Stanford CS25: V5 I Transformers in Diffusion Models for Image Generation and Beyond

May 27, 2025
Sayak Paul of Hugging Face

Diffusion models have been all the rage in recent times when it comes to generating realistic yet synthetic continuous media content. This talk covers how Transformers are used in diffusion models for image generation and goes far beyond that.
We set the context by briefly discussing some preliminaries around diffusion models and how they are trained. We then cover the UNet-based network architecture that used to be the de facto choice for diffusion models. This helps us to motivate the introduction and rise of transformer-based architectures for diffusion.

We cover the fundamental blocks and the degrees of freedom one can ablate in the base architecture in different conditional settings. We then shift our focus to the different flavors of attention and other connected components that the community has been using in some of the SoTA open models for various use cases. We conclude by shedding light on some promising future directions around efficiency.

Speaker: Sayak works on diffusion models at Hugging Face. His day-to-day includes contributing to the diffusers library, training and babysitting diffusion models, and working on applied ideas. He's interested in subject-driven generation, preference alignment, and evaluation of diffusion models. When he is not working, he can be found playing the guitar and binge-watching ICML tutorials and Suits.

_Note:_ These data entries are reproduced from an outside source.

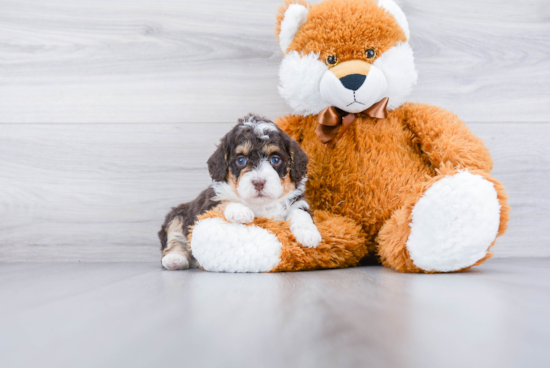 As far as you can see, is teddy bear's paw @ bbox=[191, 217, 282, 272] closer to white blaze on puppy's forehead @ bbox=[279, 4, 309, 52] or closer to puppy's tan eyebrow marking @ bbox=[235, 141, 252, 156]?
puppy's tan eyebrow marking @ bbox=[235, 141, 252, 156]

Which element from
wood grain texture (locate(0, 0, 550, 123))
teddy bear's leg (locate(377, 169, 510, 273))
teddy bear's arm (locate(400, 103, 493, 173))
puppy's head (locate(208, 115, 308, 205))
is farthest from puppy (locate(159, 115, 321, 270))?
wood grain texture (locate(0, 0, 550, 123))

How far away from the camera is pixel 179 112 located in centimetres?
164

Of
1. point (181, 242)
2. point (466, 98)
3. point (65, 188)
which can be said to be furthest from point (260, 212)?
point (466, 98)

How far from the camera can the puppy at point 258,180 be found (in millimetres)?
1082

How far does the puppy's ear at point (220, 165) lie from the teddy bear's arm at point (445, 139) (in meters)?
0.61

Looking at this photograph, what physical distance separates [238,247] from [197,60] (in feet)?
2.97

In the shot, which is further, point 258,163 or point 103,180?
point 103,180

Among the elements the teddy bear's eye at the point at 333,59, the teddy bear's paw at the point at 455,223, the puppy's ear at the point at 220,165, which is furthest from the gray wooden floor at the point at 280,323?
the teddy bear's eye at the point at 333,59

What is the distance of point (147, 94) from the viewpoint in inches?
64.3

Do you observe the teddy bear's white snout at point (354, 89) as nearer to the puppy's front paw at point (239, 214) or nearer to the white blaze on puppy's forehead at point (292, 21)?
the white blaze on puppy's forehead at point (292, 21)

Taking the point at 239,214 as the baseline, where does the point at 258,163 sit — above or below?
above

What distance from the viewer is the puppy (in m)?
1.08

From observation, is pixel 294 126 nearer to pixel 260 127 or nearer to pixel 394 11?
pixel 260 127

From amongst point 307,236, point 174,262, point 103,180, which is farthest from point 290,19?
point 103,180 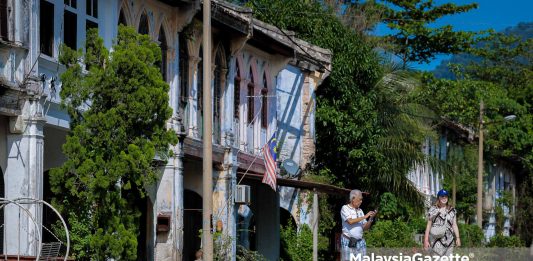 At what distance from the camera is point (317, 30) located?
4319cm

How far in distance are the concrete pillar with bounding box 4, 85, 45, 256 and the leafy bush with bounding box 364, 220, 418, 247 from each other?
18665mm

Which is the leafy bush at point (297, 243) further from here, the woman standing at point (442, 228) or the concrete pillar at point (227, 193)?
the woman standing at point (442, 228)

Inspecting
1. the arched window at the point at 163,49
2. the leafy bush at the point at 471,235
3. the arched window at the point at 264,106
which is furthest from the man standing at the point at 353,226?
the leafy bush at the point at 471,235

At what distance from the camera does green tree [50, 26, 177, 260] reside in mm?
21500

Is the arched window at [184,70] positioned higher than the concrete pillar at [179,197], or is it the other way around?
the arched window at [184,70]

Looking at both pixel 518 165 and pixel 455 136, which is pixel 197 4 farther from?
pixel 518 165

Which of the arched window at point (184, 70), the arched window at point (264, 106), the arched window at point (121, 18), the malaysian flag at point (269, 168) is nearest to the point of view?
the arched window at point (121, 18)

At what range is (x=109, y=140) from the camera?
70.8 ft

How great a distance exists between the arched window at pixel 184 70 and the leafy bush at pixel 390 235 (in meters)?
10.6

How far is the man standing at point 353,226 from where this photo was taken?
20547mm

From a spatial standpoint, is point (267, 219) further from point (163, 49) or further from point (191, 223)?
point (163, 49)

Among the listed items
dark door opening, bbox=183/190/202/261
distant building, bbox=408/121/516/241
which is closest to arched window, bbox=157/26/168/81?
dark door opening, bbox=183/190/202/261

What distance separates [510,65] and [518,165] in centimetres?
632

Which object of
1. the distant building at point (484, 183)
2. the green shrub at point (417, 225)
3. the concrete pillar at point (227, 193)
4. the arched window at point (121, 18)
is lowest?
the green shrub at point (417, 225)
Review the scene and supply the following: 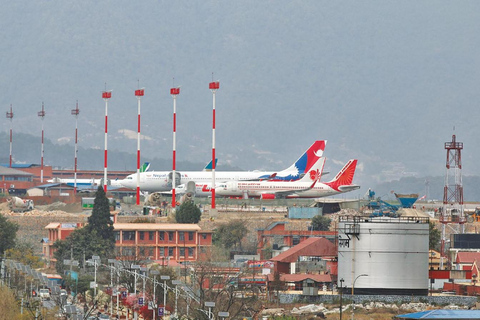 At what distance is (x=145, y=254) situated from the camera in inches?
4552

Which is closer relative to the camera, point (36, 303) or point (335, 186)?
point (36, 303)

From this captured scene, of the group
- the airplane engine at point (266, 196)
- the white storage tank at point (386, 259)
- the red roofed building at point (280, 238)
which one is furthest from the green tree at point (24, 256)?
the airplane engine at point (266, 196)

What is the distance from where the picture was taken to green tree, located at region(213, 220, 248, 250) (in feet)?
414

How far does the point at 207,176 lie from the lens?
17225 cm

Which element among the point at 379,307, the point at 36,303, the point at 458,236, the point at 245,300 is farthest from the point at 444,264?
the point at 36,303

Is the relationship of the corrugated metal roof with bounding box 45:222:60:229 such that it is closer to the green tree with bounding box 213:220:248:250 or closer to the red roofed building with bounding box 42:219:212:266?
the red roofed building with bounding box 42:219:212:266

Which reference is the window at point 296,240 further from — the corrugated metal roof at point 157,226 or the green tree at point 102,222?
the green tree at point 102,222

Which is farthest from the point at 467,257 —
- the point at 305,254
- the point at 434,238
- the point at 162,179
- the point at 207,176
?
the point at 162,179

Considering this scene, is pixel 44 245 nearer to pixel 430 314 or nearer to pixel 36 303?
pixel 36 303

More about the course can be found here: https://web.stanford.edu/class/cs25/

View the entire CS25 Transformers United playlist: https://www.youtube.com/playlist?list=PLoROMvodv4rNiJRchCzutFw5ItR_Z27CM Receive SMS online on sms24.me

Watch on YouTube

Subscribe on YouTubeReaderBot

TubeReader video aggregator is a website that collects and organizes online videos from the YouTube source. Video aggregation is done for different purposes, and TubeReader take different approaches to achieve their purpose.

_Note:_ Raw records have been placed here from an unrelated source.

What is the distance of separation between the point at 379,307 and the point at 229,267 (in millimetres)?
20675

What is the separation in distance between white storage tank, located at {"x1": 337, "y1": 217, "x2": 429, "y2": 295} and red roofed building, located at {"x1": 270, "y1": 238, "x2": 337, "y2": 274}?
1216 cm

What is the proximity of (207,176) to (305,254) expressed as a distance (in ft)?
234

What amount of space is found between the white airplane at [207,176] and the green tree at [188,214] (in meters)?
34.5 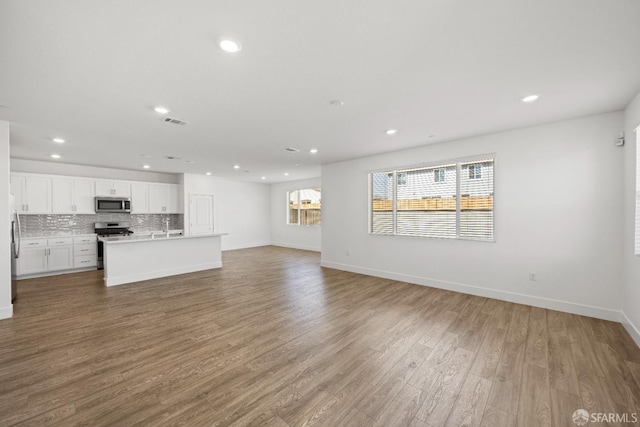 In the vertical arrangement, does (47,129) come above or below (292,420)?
above

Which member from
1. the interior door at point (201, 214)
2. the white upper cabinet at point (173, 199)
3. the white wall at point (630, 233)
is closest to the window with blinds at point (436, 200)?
the white wall at point (630, 233)

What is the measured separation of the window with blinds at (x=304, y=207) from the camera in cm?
964

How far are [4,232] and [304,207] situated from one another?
7488 millimetres

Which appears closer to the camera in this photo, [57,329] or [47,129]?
[57,329]

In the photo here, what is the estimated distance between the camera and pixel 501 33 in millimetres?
1843

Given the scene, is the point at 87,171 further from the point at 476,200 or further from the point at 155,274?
the point at 476,200

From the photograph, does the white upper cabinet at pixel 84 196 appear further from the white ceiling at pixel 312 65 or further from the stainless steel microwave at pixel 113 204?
the white ceiling at pixel 312 65

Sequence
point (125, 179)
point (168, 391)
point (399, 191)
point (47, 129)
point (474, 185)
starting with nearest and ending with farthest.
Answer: point (168, 391)
point (47, 129)
point (474, 185)
point (399, 191)
point (125, 179)

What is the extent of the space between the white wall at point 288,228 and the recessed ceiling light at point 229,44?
7395 millimetres

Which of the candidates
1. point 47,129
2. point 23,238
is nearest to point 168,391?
point 47,129

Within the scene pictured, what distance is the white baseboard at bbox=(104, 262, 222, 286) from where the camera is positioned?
503cm

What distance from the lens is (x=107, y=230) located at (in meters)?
6.88

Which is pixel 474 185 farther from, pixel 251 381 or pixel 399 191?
pixel 251 381

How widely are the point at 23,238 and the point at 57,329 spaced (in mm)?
4344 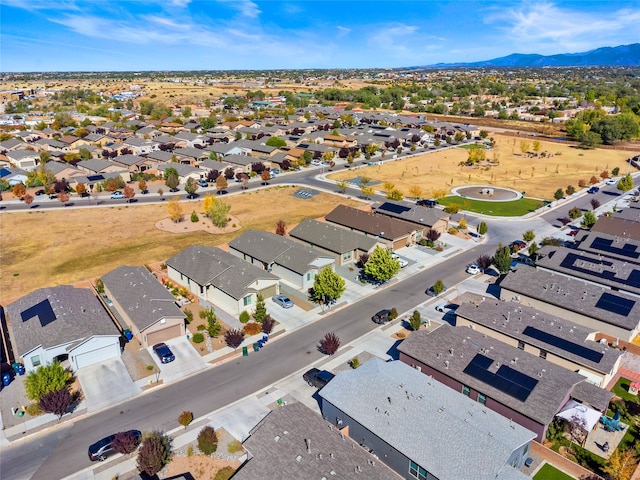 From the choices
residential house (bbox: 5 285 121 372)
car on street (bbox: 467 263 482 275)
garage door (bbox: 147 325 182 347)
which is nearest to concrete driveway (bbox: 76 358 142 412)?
residential house (bbox: 5 285 121 372)

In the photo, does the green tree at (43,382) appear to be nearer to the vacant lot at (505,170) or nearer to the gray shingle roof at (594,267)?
the gray shingle roof at (594,267)

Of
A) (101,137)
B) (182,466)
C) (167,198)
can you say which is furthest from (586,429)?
(101,137)

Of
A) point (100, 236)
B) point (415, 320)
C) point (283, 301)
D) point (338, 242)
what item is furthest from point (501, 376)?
point (100, 236)

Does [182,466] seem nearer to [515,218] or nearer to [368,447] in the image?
[368,447]

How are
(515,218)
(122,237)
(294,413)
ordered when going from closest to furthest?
(294,413)
(122,237)
(515,218)

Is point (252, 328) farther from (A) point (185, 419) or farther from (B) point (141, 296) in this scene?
Answer: (A) point (185, 419)

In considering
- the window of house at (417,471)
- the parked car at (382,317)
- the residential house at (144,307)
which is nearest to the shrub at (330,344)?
the parked car at (382,317) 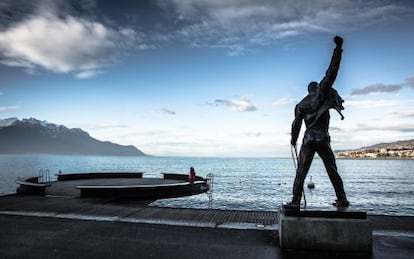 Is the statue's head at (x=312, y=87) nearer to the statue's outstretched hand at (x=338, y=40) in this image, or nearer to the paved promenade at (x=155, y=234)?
the statue's outstretched hand at (x=338, y=40)

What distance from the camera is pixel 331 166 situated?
7145 millimetres

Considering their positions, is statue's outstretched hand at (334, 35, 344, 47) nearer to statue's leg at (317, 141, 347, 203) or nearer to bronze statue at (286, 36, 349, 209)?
bronze statue at (286, 36, 349, 209)

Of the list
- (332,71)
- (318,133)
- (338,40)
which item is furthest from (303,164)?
(338,40)

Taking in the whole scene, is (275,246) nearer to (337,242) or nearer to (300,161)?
(337,242)

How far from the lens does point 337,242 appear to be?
6.39 m

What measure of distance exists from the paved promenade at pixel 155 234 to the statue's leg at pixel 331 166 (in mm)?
1187

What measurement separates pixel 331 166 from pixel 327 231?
1392 mm

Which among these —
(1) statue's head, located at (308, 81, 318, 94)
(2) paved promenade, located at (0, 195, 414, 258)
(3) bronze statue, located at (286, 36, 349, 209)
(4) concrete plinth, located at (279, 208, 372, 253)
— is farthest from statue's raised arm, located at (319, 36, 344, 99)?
(2) paved promenade, located at (0, 195, 414, 258)

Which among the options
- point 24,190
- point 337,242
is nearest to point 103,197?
point 24,190

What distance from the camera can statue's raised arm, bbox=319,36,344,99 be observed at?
20.8 ft

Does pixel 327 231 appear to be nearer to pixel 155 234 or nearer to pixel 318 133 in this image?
pixel 318 133

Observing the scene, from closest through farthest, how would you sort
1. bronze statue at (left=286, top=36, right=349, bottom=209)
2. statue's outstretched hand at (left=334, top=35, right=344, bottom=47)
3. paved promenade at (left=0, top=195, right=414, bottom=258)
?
statue's outstretched hand at (left=334, top=35, right=344, bottom=47) → paved promenade at (left=0, top=195, right=414, bottom=258) → bronze statue at (left=286, top=36, right=349, bottom=209)

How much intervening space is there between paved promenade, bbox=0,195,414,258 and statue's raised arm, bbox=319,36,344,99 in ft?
10.3

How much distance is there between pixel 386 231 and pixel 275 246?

Our try to collect videos of high quality or interest for visitors to view; the collection may be made by editors or may be based on community votes.

Another method is to base the collection on those videos most viewed, either at the aggregator site or at various popular video hosting sites.

TubeReader site exists to allow users to collect their own sets of videos, for personal use as well as for browsing and viewing by others; TubeReader can develop online communities around video sharing.

Our site allow users to create a personalized video playlist, for personal use as well as for browsing and viewing by others.

@YouTubeReaderBot allows you to subscribe to Youtube channels.

By using @YouTubeReaderBot Bot you agree with YouTube Terms of Service.

Use the @YouTubeReaderBot telegram bot to be the first to be notified when new videos are released on your favorite channels.

Look for new videos or channels and share them with your friends.

You can start using our bot from this video, subscribe now to Stanford CS25: V5 I Transformers in Diffusion Models for Image Generation and Beyond

What is YouTube?

YouTube is a free video sharing website that makes it easy to watch online videos. You can even create and upload your own videos to share with others. Originally created in 2005, YouTube is now one of the most popular sites on the Web, with visitors watching around 6 billion hours of video every month.